Egypt on Thursday unveiled dozens of new archaeological discoveries, including two ancient tombs, at a Pharaonic necropolis just outside of the capital Cairo.
The artifacts, unearthed during a year-long excavation, were found beneath an ancient stone enclosure near the Saqqara pyramids and date back to the fifth and sixth dynasties of the Old Kingdom, spanning from roughly 2500 B.C to 2100 B.C., Egypt's Ministry of Tourism and Antiquities said.

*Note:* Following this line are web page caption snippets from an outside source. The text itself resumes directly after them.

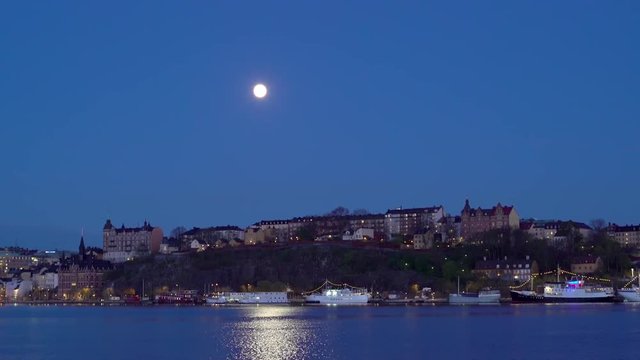 Panning clip of Sodermalm (southern part of Stockholm City) at night. 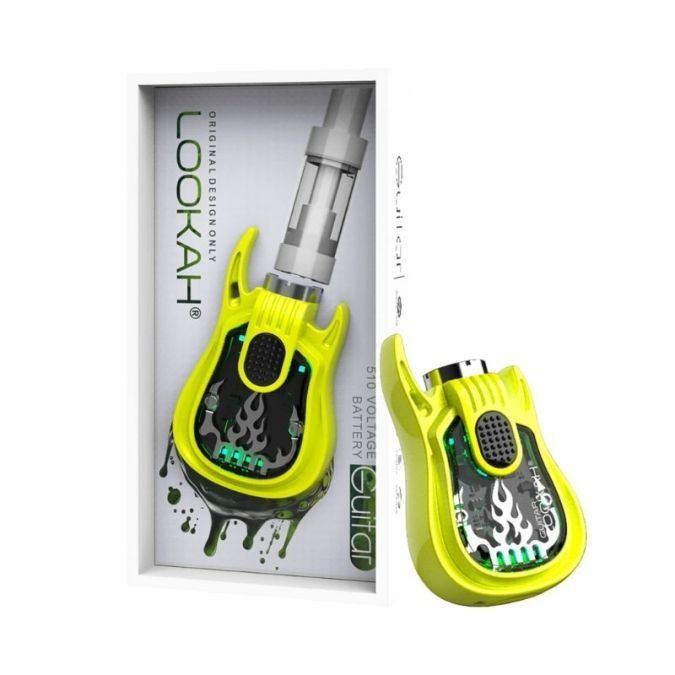 Picture of LOOKAH GUITAR 350MAH VV 510 CARTRIDGE PREHEAT VAPE BATTERY - NEON GREEN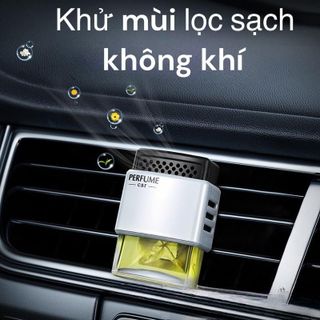 Nước hoa ô tô BUSHINECO cài cửa gió khử mùi xe, hương thơm mát chống say xe Nội Thất Nhựa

One of the uncovered tombs belonged to a priest from the fifth dynasty known as Khnumdjedef, while the other larger tomb belonged to an official named Meri, a palace official who held the title of “the keeper of the secrets,” The Associated Press quoted the ministry as saying. Other major findings from the excavation include statues, amulets, and a well-preserved sarcophagus.

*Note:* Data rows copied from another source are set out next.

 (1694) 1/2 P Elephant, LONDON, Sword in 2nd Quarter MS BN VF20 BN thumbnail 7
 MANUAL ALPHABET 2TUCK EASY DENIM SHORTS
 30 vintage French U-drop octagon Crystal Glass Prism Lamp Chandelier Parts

Egypt's most renowned archaeologist and director of the excavation, Zahi Hawass, personally unveiled the new discoveries from the stone enclosure, known as Gisr al-Mudir.
‘‘I put my head inside to see what was inside the sarcophagus: A beautiful mummy of a man completely covered in layers of gold,’' Hawass said.
The Saqqara site is part of a sprawling necropolis at Egypt’s ancient capital of Memphis that includes the famed Giza Pyramids as well as smaller pyramids at Abu Sir, Dahshur and Abu Ruwaysh. The ruins of Memphis were designated a UNESCO World Heritage site in the 1970s.